It's a major fumble.
Disk Full
Japanese auto giant Toyota has had to shut down all of its factories in the country due to what the company claims to be a system malfunction triggered by "insufficient disk space."
In simple terms, the second-biggest carmaker in the world just had to grind production to a halt because it ran out of storage.
As The Guardian reports, the carmaker had to issue a stoppage on August 29 at all 14 of its Japan-based plants, representing roughly a third of its global production.
It's a major fumble that goes to show that even in Japan, a country often seen as a pioneer of cutting-edge technologies, minor glitches can cascade into company-wide chaos and bring down entire titans of industry.
Station Laggin
A maintenance procedure apparently caused the company's servers to break down when "data that had accumulated in the database was deleted and organized, and an error occurred due to insufficient disk space, causing the system to stop," Toyota said in a statement, as quoted by The Guardian.
As a result, the company had to transfer the data to a server with sufficient capacity.
"We would like to apologize once again to our customers, suppliers, and related parties for any inconvenience caused by the suspension of our domestic plants," the company said in the statement.

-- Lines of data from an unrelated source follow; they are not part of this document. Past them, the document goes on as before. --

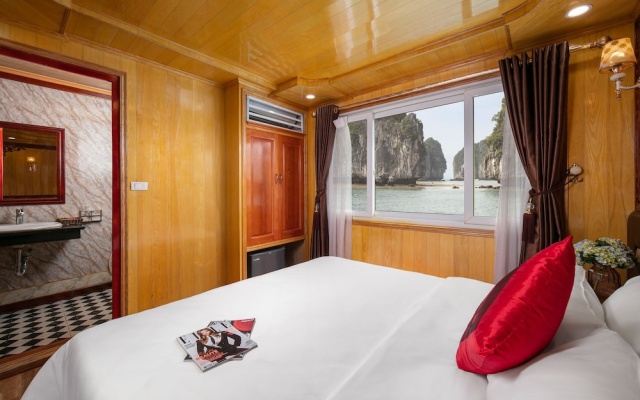 Azela Cruise – Guest Rooms – Haiphong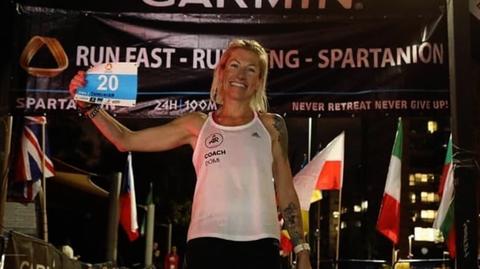 08.01.2023 | Dominika Stelmach biegła przez 12 godzin. Osiągnęła historyczny sukces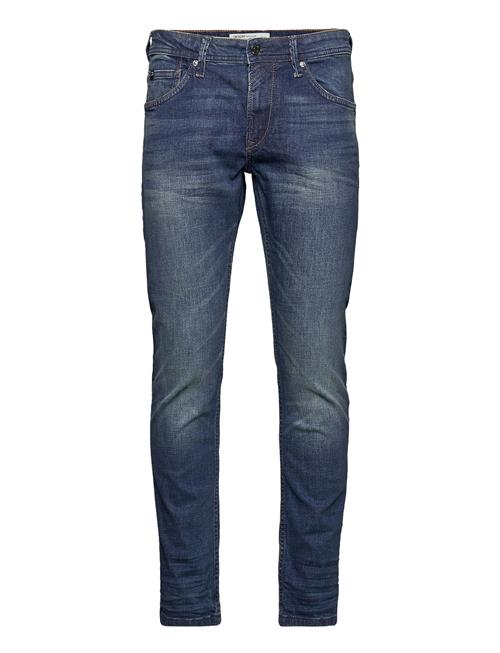 Tom Tailor Slim Piers Blue Denim Tom Tailor Blue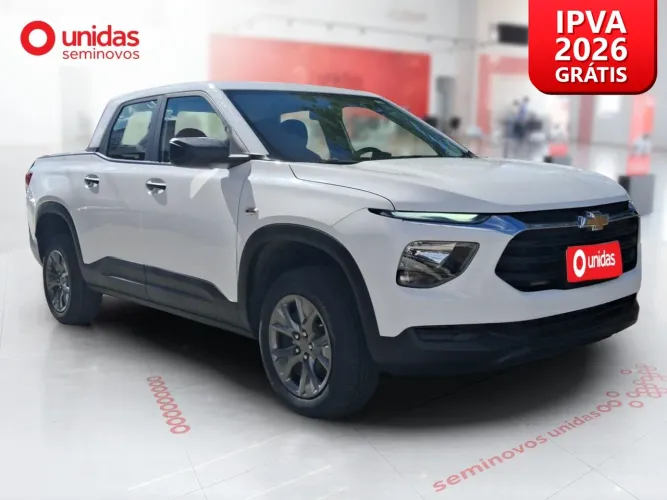 Chevrolet Montana 1.2 Turbo Flex 12V 4P Mec. 2025
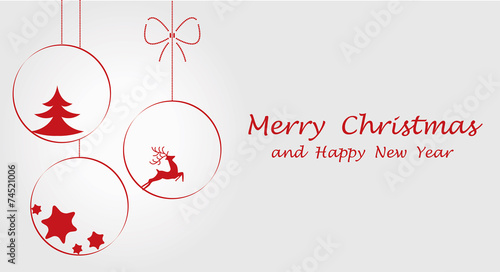 Merry Christmas and Happy New Year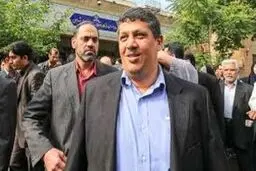 مهدی هاشمی رفسنجانی به زندان بازگشت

The incident goes to show there are very real risks to Toyota's renowned and well-studied "just-in-time" production system, "in which each process produces only what is needed for the next process in a continuous flow," according to the company's website.
The company, however, was able to rule out one possible cause: it definitely wasn't a cyberattack. In other words, the company has nobody to blame but itself for the interruption.